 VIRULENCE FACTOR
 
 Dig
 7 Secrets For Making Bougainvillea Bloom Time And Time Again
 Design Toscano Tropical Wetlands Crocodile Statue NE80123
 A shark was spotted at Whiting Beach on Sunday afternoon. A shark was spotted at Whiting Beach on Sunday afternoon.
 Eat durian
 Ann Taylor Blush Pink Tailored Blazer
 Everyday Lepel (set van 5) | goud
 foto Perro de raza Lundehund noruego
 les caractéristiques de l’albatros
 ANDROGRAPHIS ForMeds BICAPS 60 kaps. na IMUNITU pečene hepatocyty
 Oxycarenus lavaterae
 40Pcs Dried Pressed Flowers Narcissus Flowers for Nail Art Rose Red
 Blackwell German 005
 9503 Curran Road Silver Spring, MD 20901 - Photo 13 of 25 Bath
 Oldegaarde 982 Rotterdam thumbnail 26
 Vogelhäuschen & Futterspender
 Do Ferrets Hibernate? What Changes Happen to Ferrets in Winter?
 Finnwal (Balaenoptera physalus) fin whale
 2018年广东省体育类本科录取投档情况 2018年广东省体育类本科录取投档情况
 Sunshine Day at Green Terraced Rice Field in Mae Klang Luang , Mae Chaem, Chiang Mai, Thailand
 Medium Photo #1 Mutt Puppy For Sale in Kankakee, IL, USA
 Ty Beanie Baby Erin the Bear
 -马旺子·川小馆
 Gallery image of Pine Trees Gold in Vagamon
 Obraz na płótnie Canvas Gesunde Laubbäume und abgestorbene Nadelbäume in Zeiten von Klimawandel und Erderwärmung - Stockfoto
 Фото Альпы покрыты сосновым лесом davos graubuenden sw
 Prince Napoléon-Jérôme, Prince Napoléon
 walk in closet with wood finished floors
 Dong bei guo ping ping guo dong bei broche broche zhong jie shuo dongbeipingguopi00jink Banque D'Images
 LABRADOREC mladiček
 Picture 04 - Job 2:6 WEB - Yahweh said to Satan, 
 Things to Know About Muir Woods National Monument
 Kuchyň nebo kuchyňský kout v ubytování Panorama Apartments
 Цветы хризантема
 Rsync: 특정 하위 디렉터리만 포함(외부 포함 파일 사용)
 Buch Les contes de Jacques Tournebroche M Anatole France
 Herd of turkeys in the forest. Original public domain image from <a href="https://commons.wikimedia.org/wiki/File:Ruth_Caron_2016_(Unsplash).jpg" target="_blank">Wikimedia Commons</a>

-------------------------

◆ Task ◆
Search the preceding listing for the word "Photo" and pull out every line that holds it.

◆ Task answer ◆
 9503 Curran Road Silver Spring, MD 20901 - Photo 13 of 25 Bath
 Medium Photo #1 Mutt Puppy For Sale in Kankakee, IL, USA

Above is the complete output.